Task to complete |
Leave the pictures out and transcribe every record exactly.

━━━━━━━━━━━━━━━━━━━━

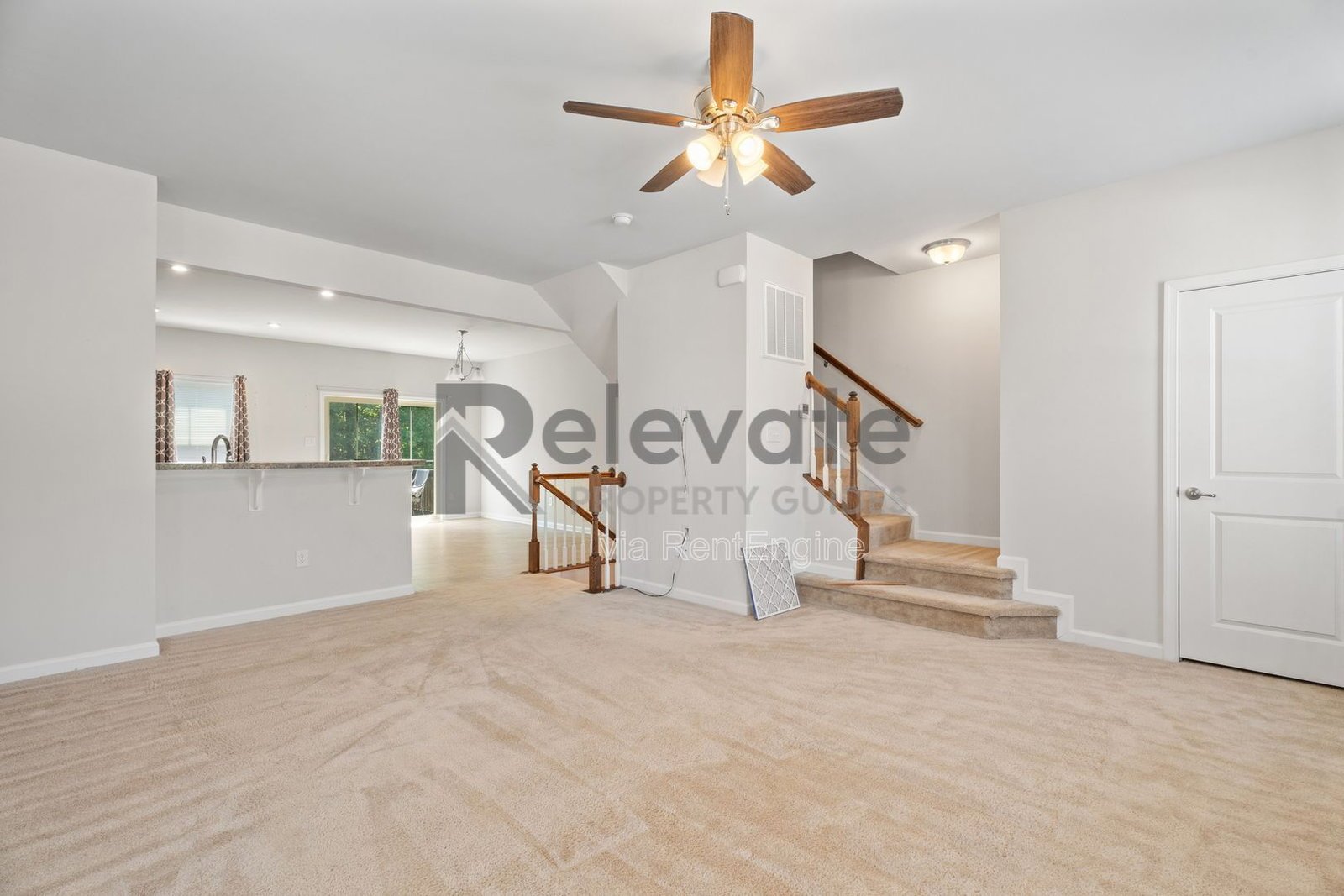 4223 New Hermitage Drive property image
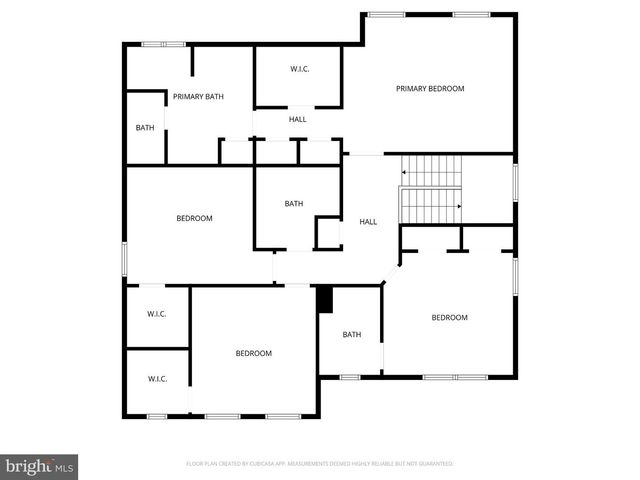 831 DEER RIDGE DR, Westminster, MD 21158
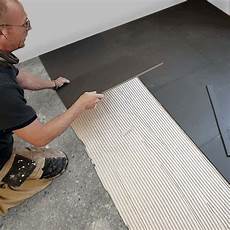Heat Insulation Board Adhesives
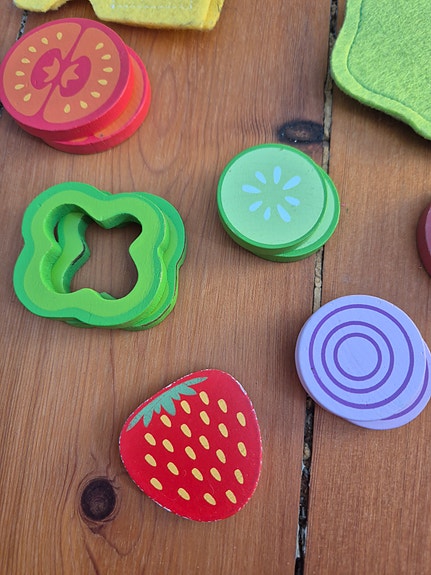 Product image 5 of 6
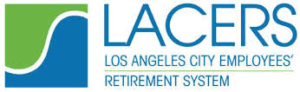 LACERS: Los Angeles City Employees Retirement System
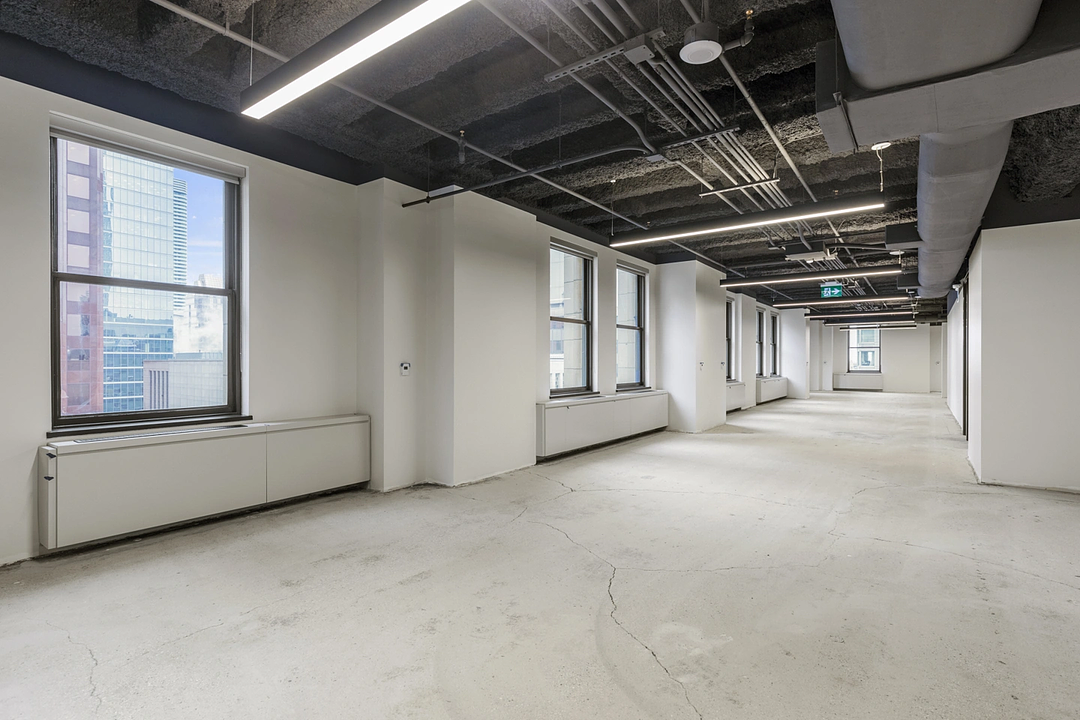 1400 - 25 King Street West, Toronto, ON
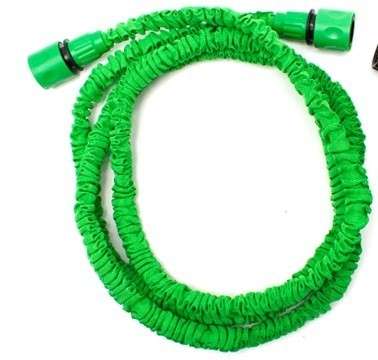 Magic hose - Expand up to 25mt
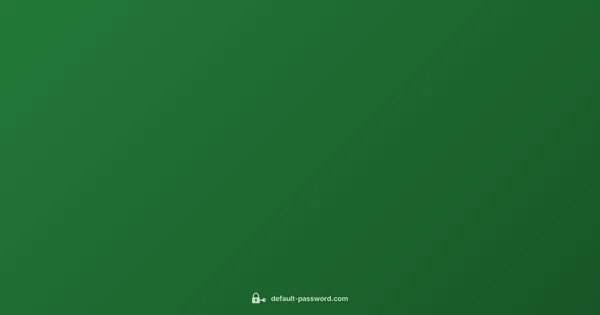 Reset BIOS Password - Default Password (illustration)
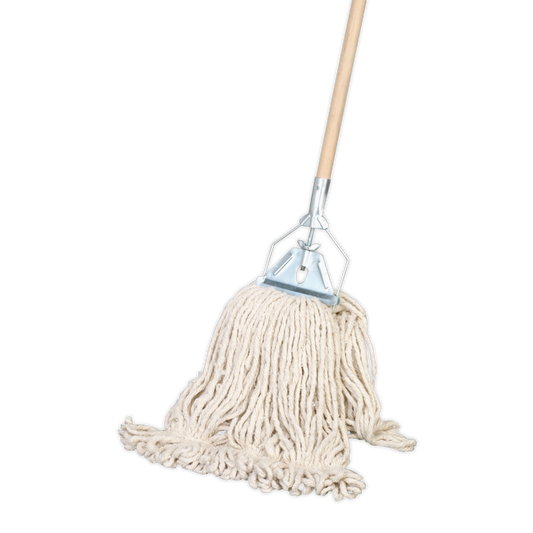 Kentucky Mop 450g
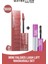 Vinyl Ink 35 Cheeky + Mini Falsies Lash Lift Maskaralı Set 1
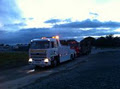 24/7 Vehicle Recovery Service image 3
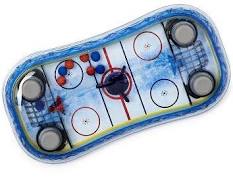 Game On - Sports Water Game Includes 3 Designs-Two's Company-The Bugs Ear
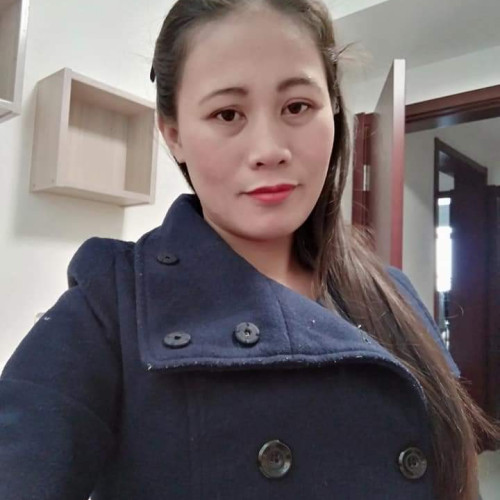 Dynn  D. profile photo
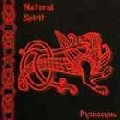 NATURAL SPIRIT / PYCKOAYHB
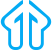四川（宜宾）公共招聘网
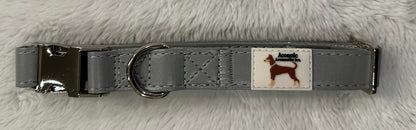 Pet Collar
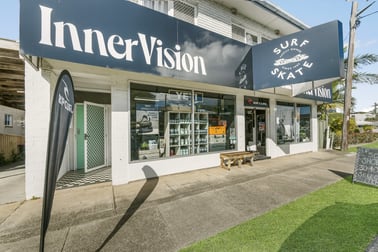 80 William Street Port Macquarie NSW 2444 - Image 1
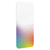 Zagg - Invisible Shield Glass Screen Protector for Apple iPhone 18 Pro / 17 Pro - Clear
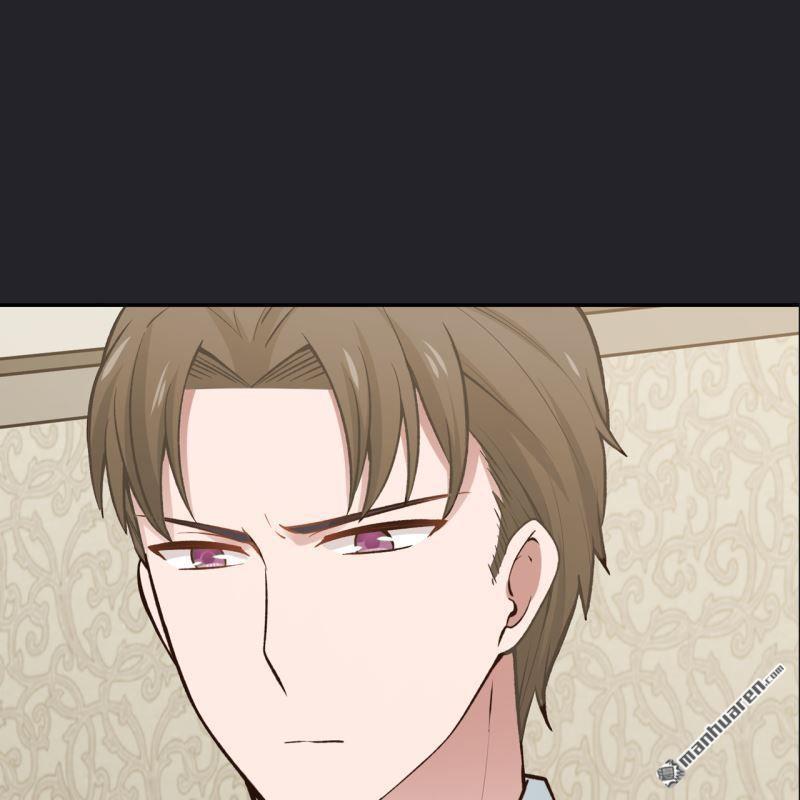 第65回(1/2)-第65话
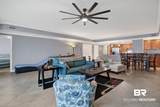 29209 Perdido Beach Boulevard - Photo 28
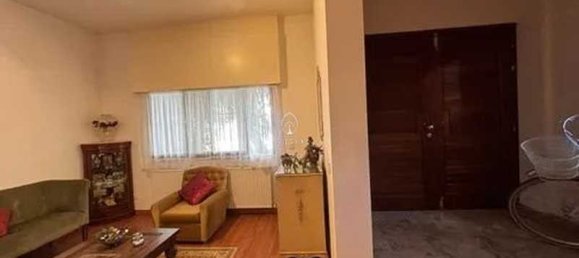 5 Schlafzimmer Villa in Mesa Geitonia, Cyprus, Nr. 19091 6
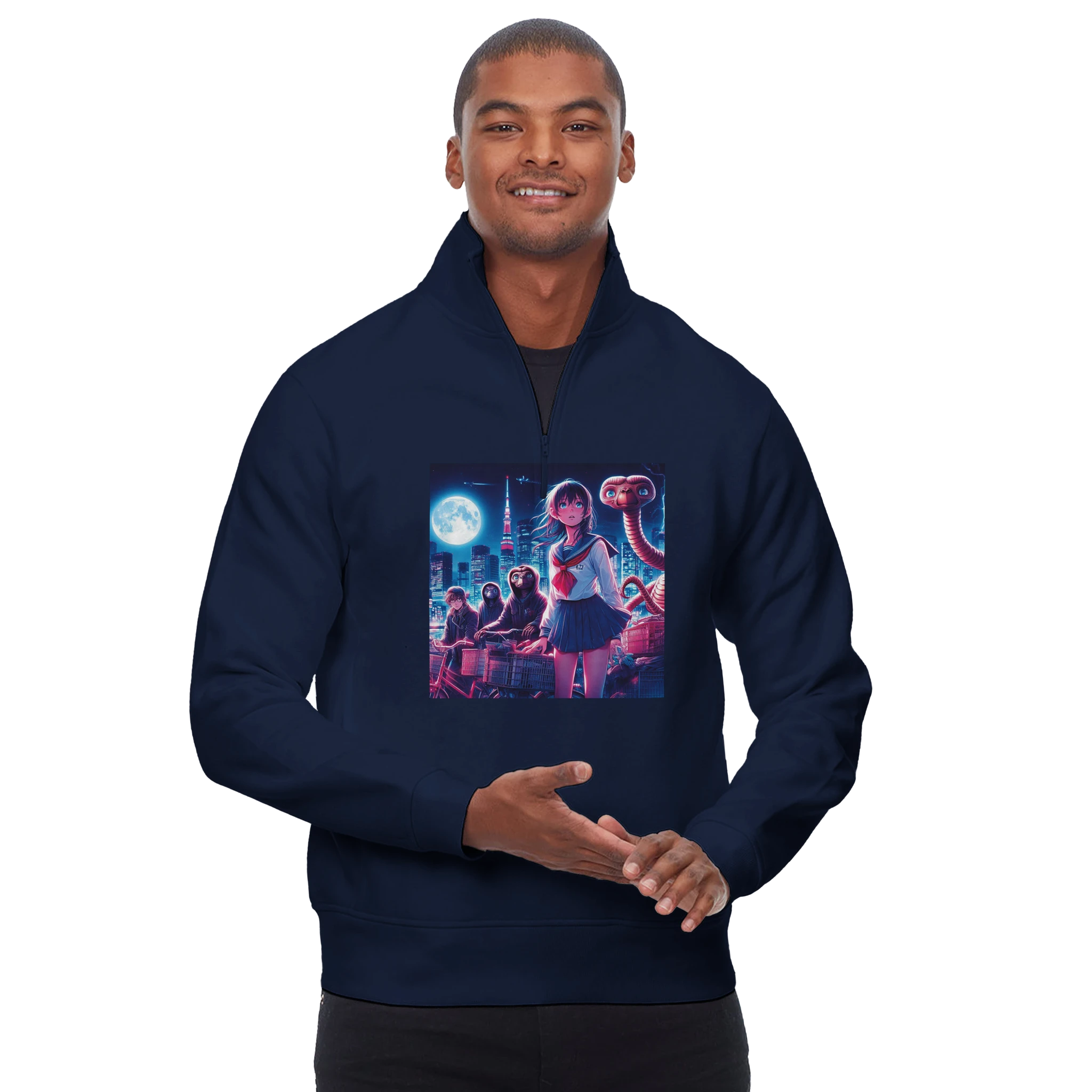 2174b4a2-3dd7-4b5d-9381-72bbb3d16218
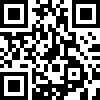 https://imna.ir/xbskM
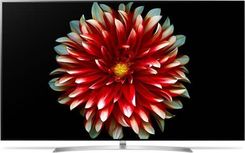 Zdjęcie LG OLED55B7V - Gliwice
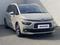 Citron C4 Picasso Xsara 1.6 HDi, R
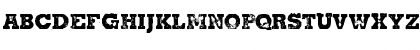 CHERRY JAM Regular Font CHERRY JAM Regular Font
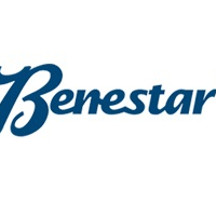 Benestar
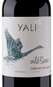 Vinho Yali Wild Swan Cabernet Sauvignon 750ml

━━━━━━━━━━━━━━━━━━━━

Worked solution |
 4223 New Hermitage Drive property image
 831 DEER RIDGE DR, Westminster, MD 21158
Heat Insulation Board Adhesives
 Product image 5 of 6
 LACERS: Los Angeles City Employees Retirement System
 1400 - 25 King Street West, Toronto, ON
 Magic hose - Expand up to 25mt
 Reset BIOS Password - Default Password (illustration)
 Kentucky Mop 450g
 Vinyl Ink 35 Cheeky + Mini Falsies Lash Lift Maskaralı Set 1
 24/7 Vehicle Recovery Service image 3
 Game On - Sports Water Game Includes 3 Designs-Two's Company-The Bugs Ear
 Dynn  D. profile photo
 NATURAL SPIRIT / PYCKOAYHB
四川（宜宾）公共招聘网
 Pet Collar
 80 William Street Port Macquarie NSW 2444 - Image 1
 Zagg - Invisible Shield Glass Screen Protector for Apple iPhone 18 Pro / 17 Pro - Clear
 第65回(1/2)-第65话
 29209 Perdido Beach Boulevard - Photo 28
 5 Schlafzimmer Villa in Mesa Geitonia, Cyprus, Nr. 19091 6
 2174b4a2-3dd7-4b5d-9381-72bbb3d16218
 https://imna.ir/xbskM
 Zdjęcie LG OLED55B7V - Gliwice
 Citron C4 Picasso Xsara 1.6 HDi, R
 CHERRY JAM Regular Font CHERRY JAM Regular Font
 Benestar
 Vinho Yali Wild Swan Cabernet Sauvignon 750ml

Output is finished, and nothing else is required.